● SUPPLIED MATERIAL

******

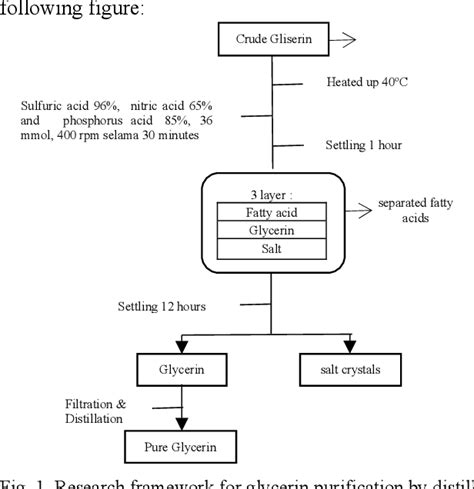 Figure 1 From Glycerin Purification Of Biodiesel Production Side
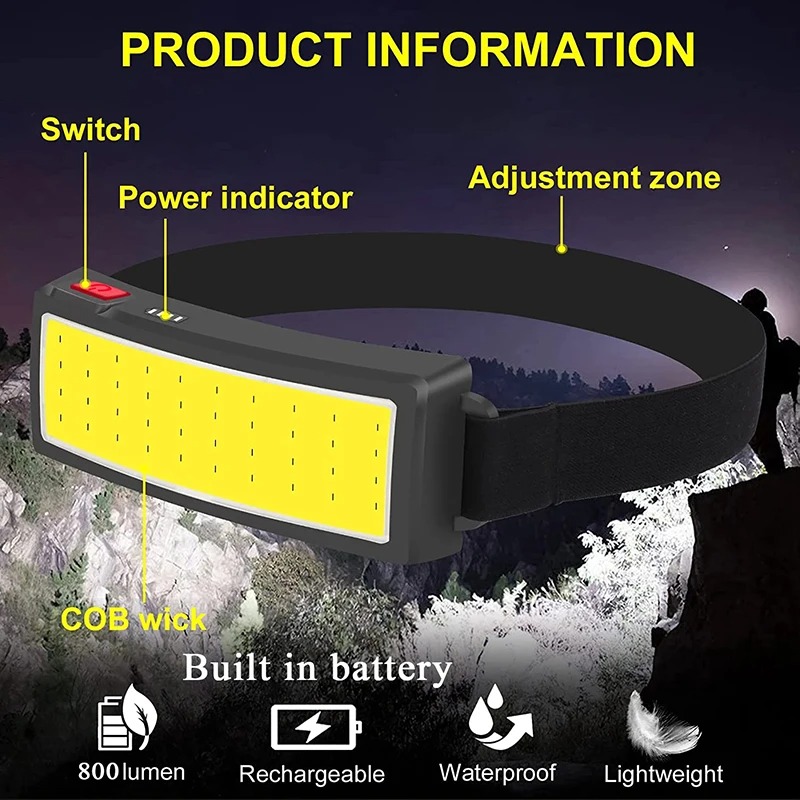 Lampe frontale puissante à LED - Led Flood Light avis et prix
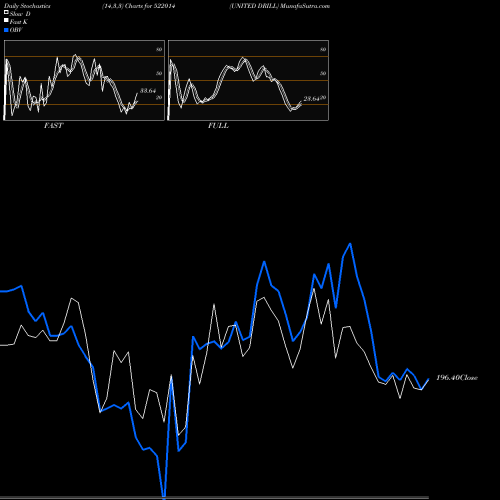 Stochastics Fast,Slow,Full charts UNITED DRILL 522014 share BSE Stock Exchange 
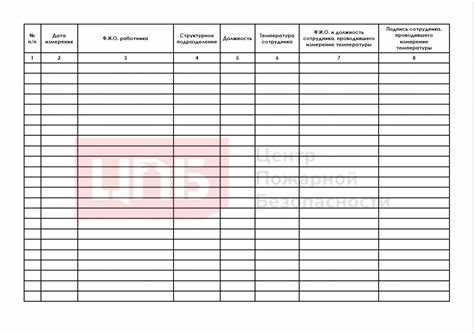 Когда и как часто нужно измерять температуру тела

******

Copy out the data exactly and keep the pictures out.

 Figure 1 From Glycerin Purification Of Biodiesel Production Side
 Lampe frontale puissante à LED - Led Flood Light avis et prix
 Stochastics Fast,Slow,Full charts UNITED DRILL 522014 share BSE Stock Exchange 
 Когда и как часто нужно измерять температуру тела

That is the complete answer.